Comment, sur l’un des continents les plus exposés aux conséquences du changement climatique, concilier productivité agricole, développement socio-économique et préservation de l’environnement – et, donc, de la « matière première » faisant vivre les agriculteurs ? La solution à cette délicate équation pourrait bien résider dans l’agriculture régénérative : des pratiques agricoles diverses qui, en Afrique, pourraient représenter une « opportunité pour les entreprises et la société de restaurer les terres », selon les conclusions d’un rapport récemment co-publié par l’Organisation des Nations unies (ONU) et l’Union internationale pour la conservation de la nature (UICN), une ONG de défense de l’environnement.
Associant agroforesterie, cultures intercalaires, paillage, rotation et diversification des cultures, non-labour ou labour bas, l’agriculture régénérative couvre un ensemble de pratiques qui vise, comme son nom l’indique, principalement à « réparer », « restaurer » ou « régénérer » les sols. Elle s’oppose en cela à l’agriculture intensive et industrielle qui, à force de labourer les sols, a tendance à favoriser leur érosion, tout en arrosant des cultures souvent mono-spécifiques d’intrants chimiques – pesticides, engrais, herbicides, etc. – et en faisant peser une pression insoutenable sur les réserves locales en eau. Bref, là où l’agriculture conventionnelle privilégie les rendements à court terme, l’agriculture régénérative s’inscrit, au contraire, dans une nécessaire perspective de long terme, à la fois pour les humains et leur environnement.

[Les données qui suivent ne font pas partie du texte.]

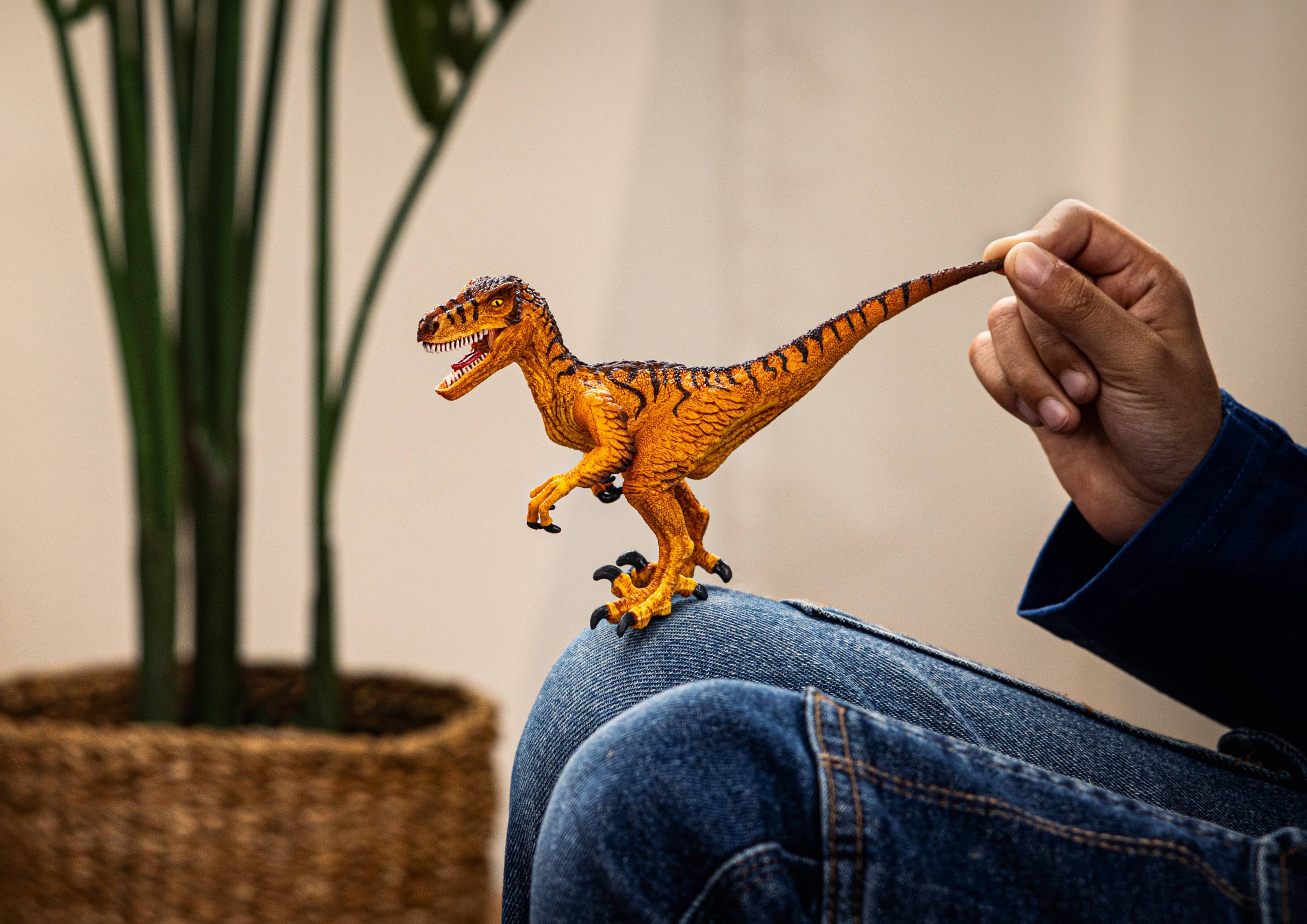 Velociraptor, photo 3 of 4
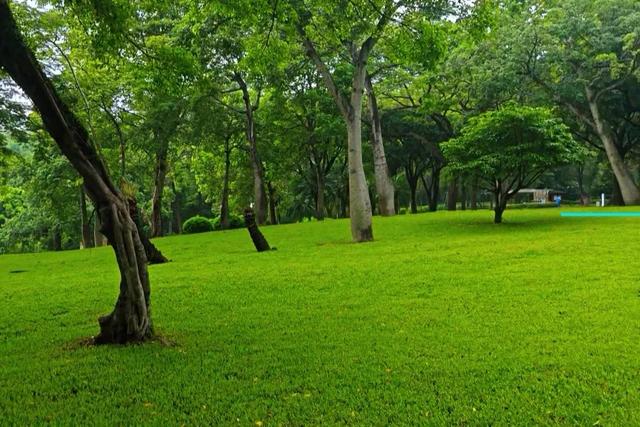 深圳高颜值公园推荐，笔架山公园，湖光山色俯瞰深圳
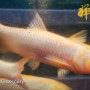 Big size Golden Grass Carp. 大只的金草鱼。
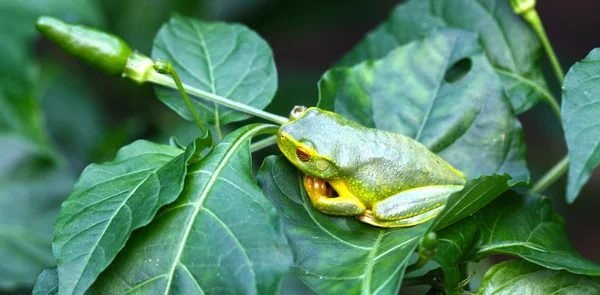 Zielona żaba na krzaku chili — Zdjęcie stockowe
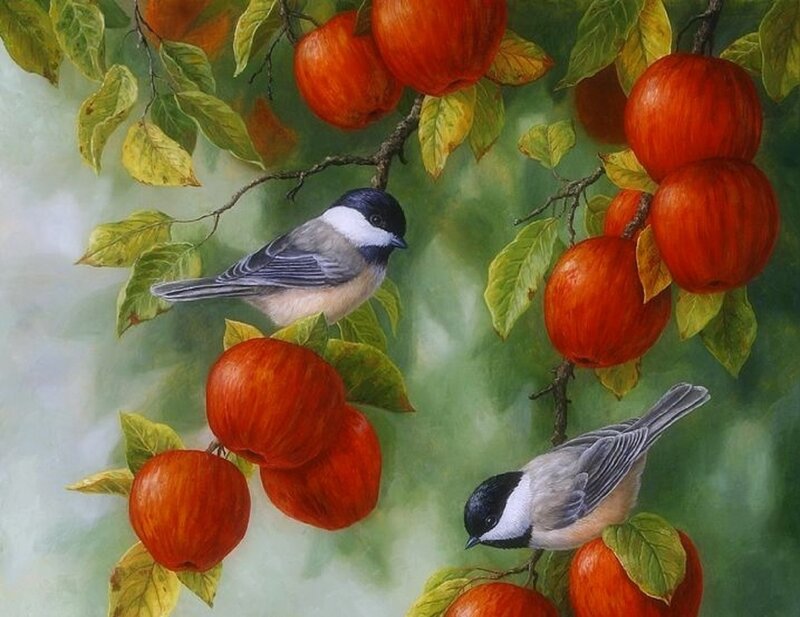 Two Birds on Apple Tree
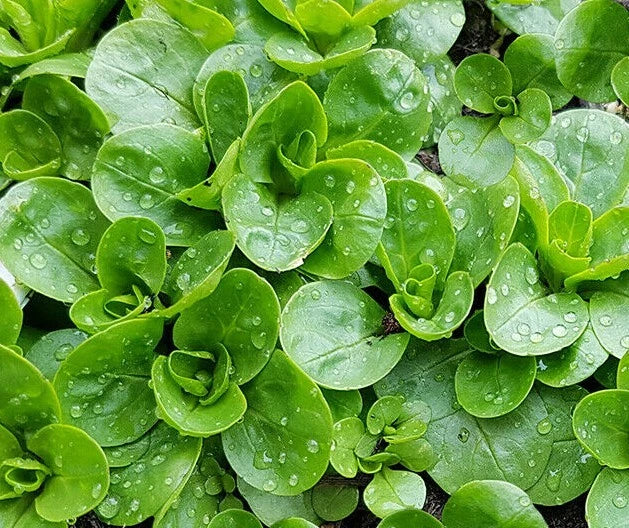 Dutch Corn Salad Seeds - 200+ Broad Leaved Mache, Lamb's Lettuce, Organic, Non-GMO, Heirloom, Cool-Season Greens, Valerianella locusta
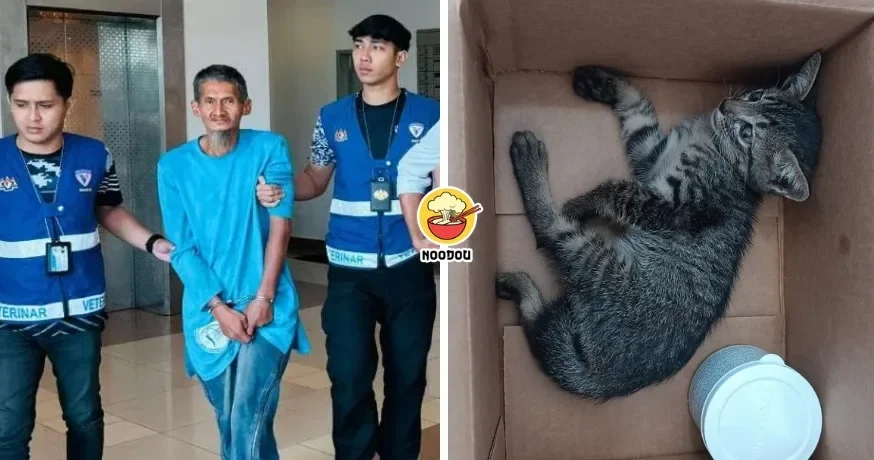 大马无业男对小猫施暴！付不起6万罚款『被判坐牢6个月』，当庭痛哭！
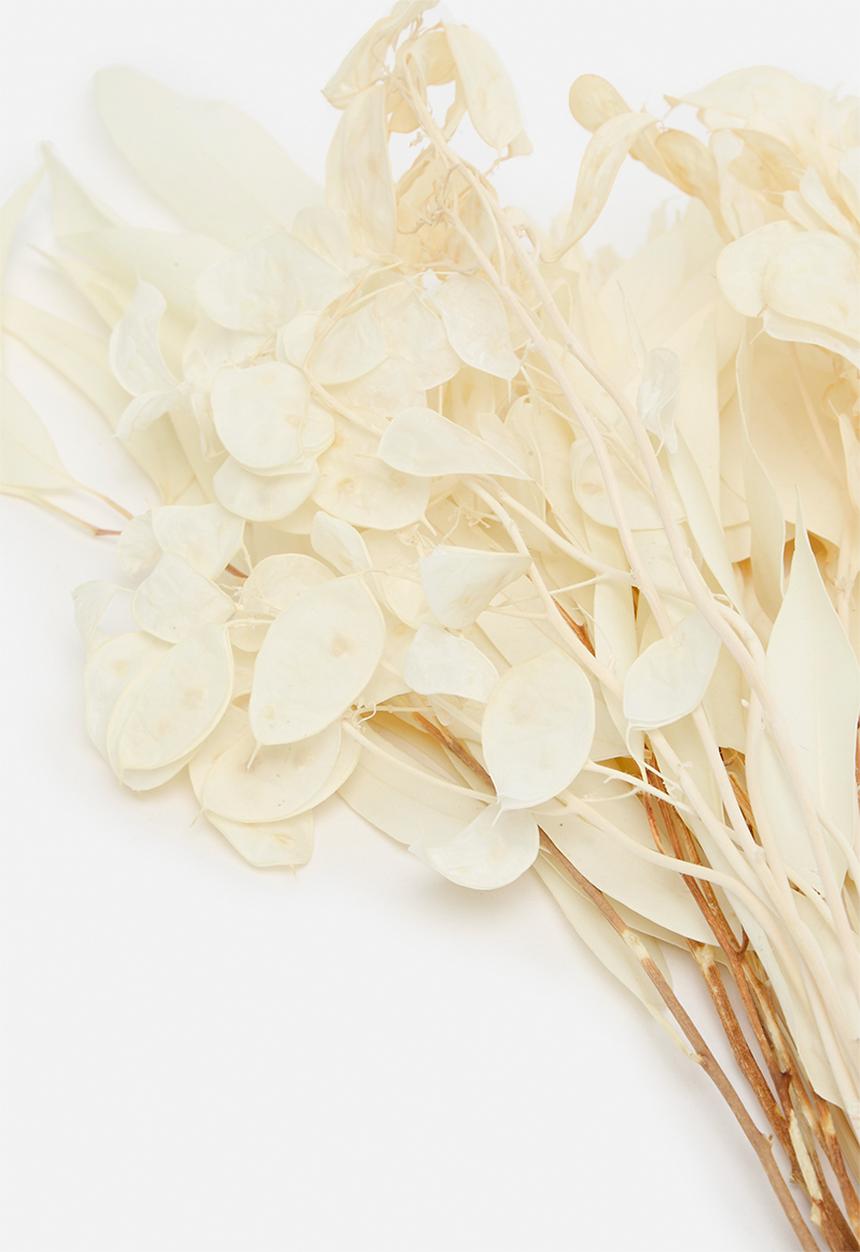 Bloom Space - Medium Dried Floral Arrangement - Bleached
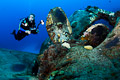Hilma Hooker propeller #2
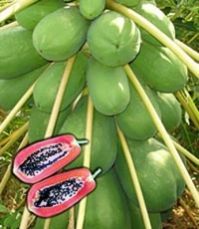 Hybrid Papaya Lal Pari F1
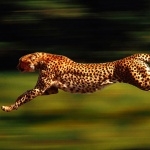 Cheetah images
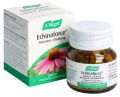 VOGEL Echinaforce Resistenz Erkältung Tabletten, 120 Stück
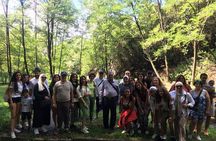 Day Tour from Tirana to Berat City Castle-Durres and Belsh lake 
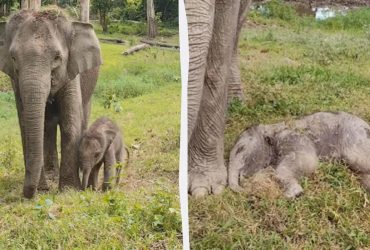 Перебувають на межі зникнення: в Індонезії народилося рідкісне слоненя (відео)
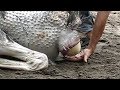 Giant Bird Egg Laying Process - Eggs Ostrich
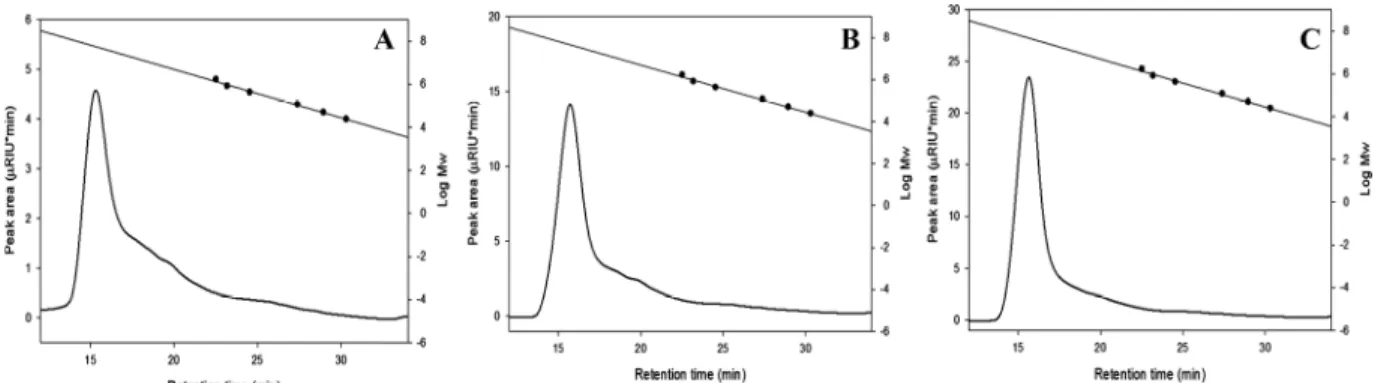 Fig.  2.  Amylopectin  molecular  weight  distribution  of  waxy  rice  starches  determined  by  HPSEC-RI  system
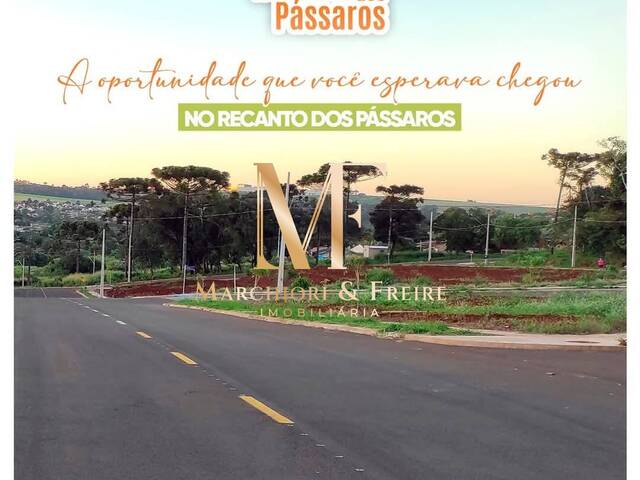 #793 - Terreno para Venda em Cascavel - PR - 1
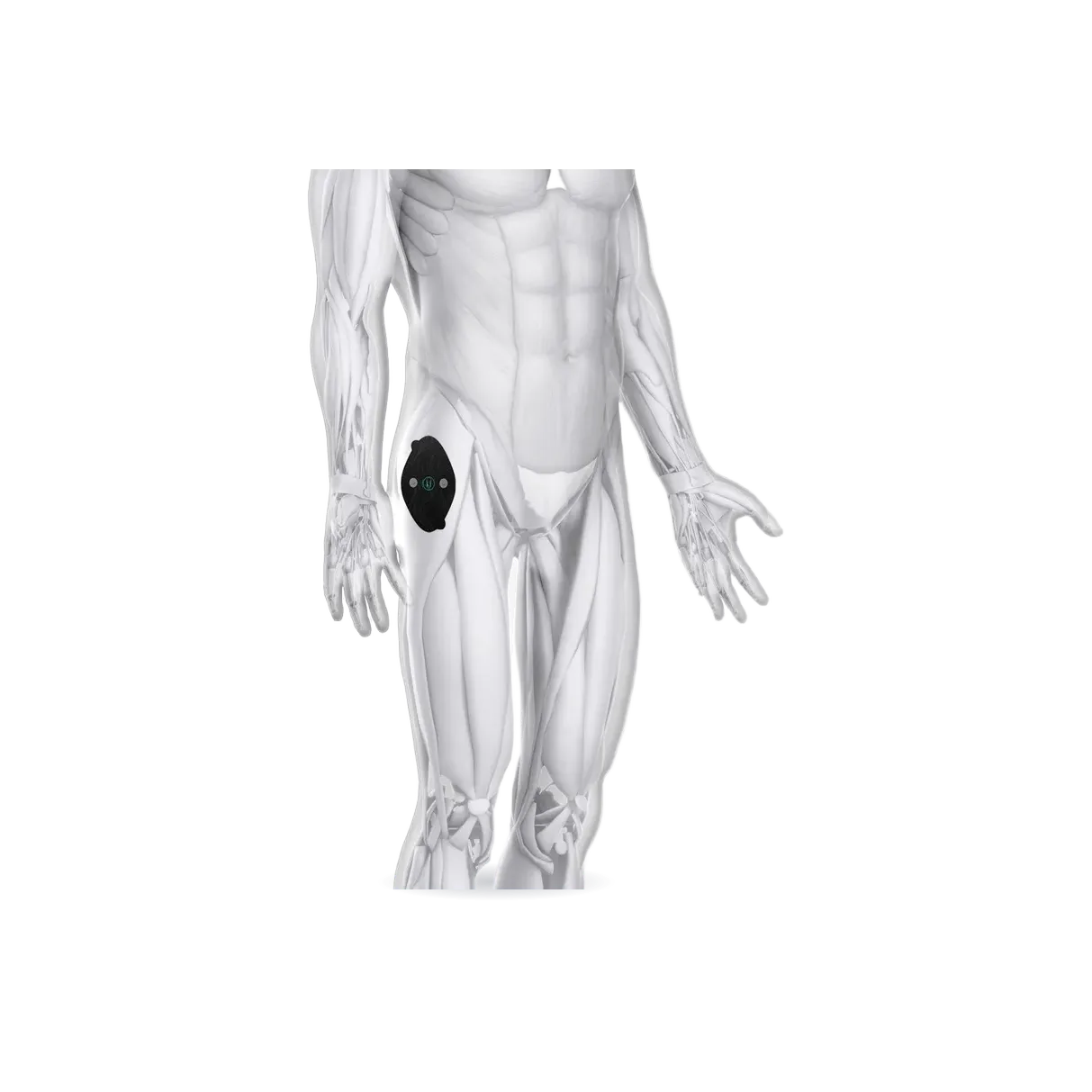 Halo TFL/Hip Flexor Pad Set 6-Pack
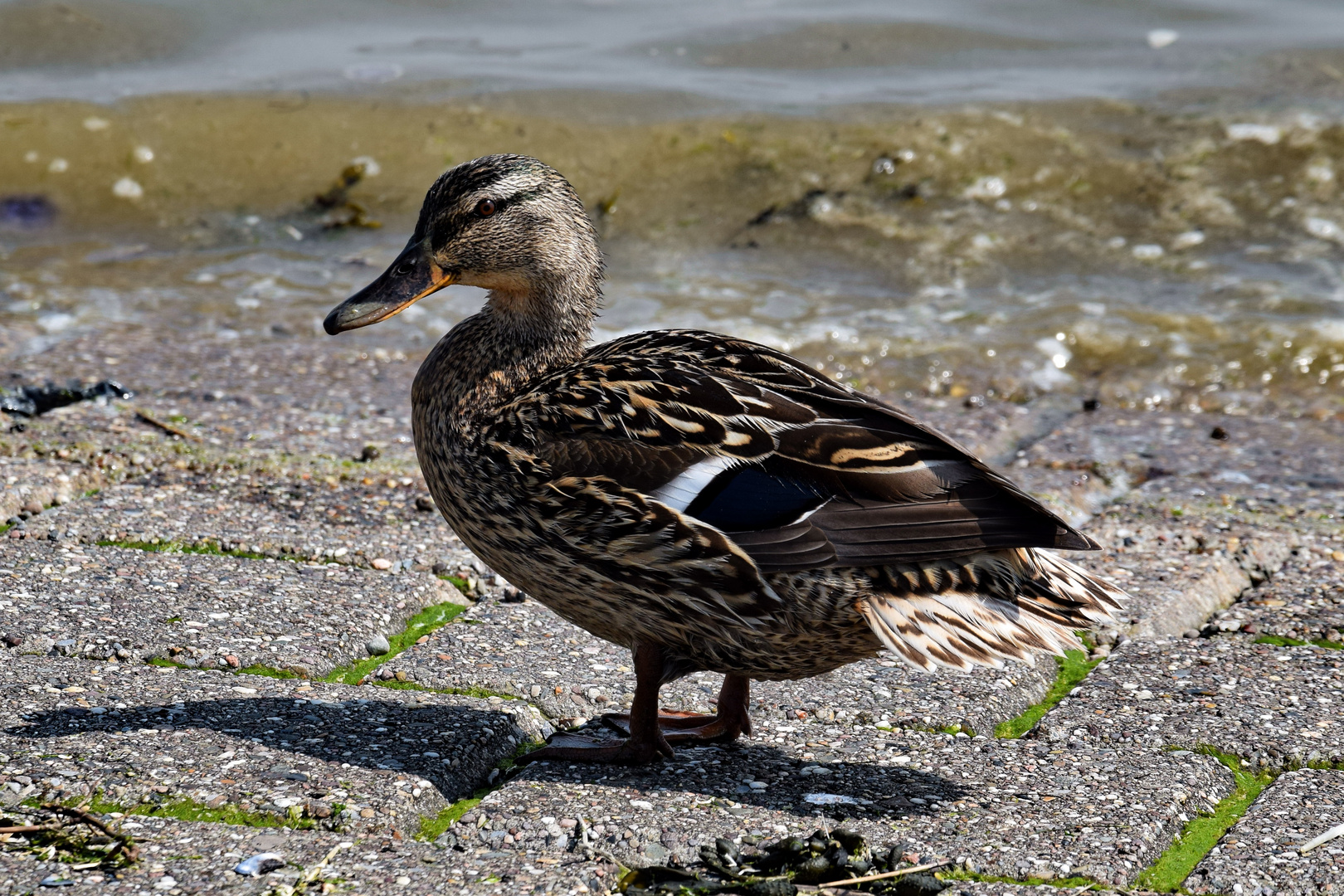 Ente auf Landgang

En Italie, le pionnier Gaetano Buglisi veut exporter son modèle sur tous les continents
En quoi ce corpus de pratiques agricoles, aussi innovantes qu’ancestrales, pourrait-il représenter une aubaine pour l’Afrique ? Sur le continent subsistent des dizaines de millions de petits exploitants et leurs familles, dont les conditions d’activité et d’existence sont particulièrement vulnérables au dérèglement du climat : selon les auteurs du rapport de l’ONU et de l’UICN, adopter des pratiques régénératives sur la moitié du continent pourrait entraîner une augmentation d’au moins 13% des rendements, tout en réduisant l’érosion des sols de l’ordre de 30%. De plus, la généralisation de telles pratiques permettrait aux sols d’emmagasiner jusqu’à 20% de carbone en plus – et donc de diminuer dans les mêmes proportions les émissions de gaz à effet de serre dans l’atmosphère. Autant de vertus qui font dire à Nigel Topping, représentant du Royaume-Uni pour l’action climatique, que l’agriculture régénérative est « le type de solution dont nous avons besoin pour accélérer l’action vers la neutralité carbone ».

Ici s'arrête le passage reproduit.